● **Problem description**: Everything from the line with "FV REPUESTO CONJUNTO" to the line with "GANT MAILLE WILCOFLEX AVEC..." in the listing below, both lines included, needs to be copied exactly, apart from the pictures.

● **The input**:

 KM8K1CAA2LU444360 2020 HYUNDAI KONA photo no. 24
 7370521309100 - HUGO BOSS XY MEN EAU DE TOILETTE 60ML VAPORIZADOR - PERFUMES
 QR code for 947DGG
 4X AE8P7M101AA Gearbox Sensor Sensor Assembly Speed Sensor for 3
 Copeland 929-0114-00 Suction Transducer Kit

--

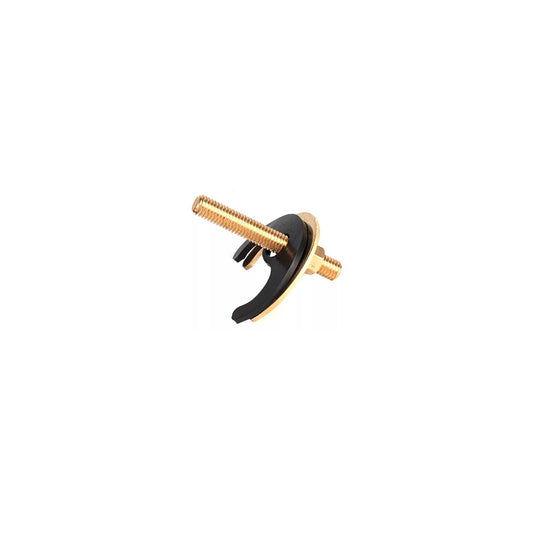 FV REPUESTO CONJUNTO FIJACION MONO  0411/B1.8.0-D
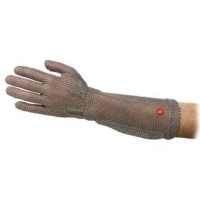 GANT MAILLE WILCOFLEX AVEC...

...

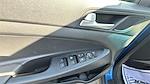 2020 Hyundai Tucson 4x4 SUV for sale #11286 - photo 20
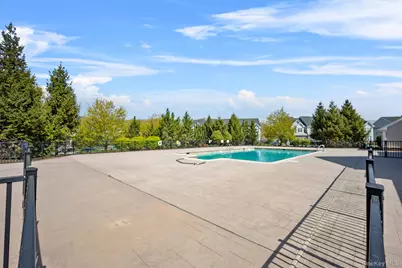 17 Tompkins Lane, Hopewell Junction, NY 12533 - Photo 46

● **Output of the task**:
 FV REPUESTO CONJUNTO FIJACION MONO  0411/B1.8.0-D
 GANT MAILLE WILCOFLEX AVEC...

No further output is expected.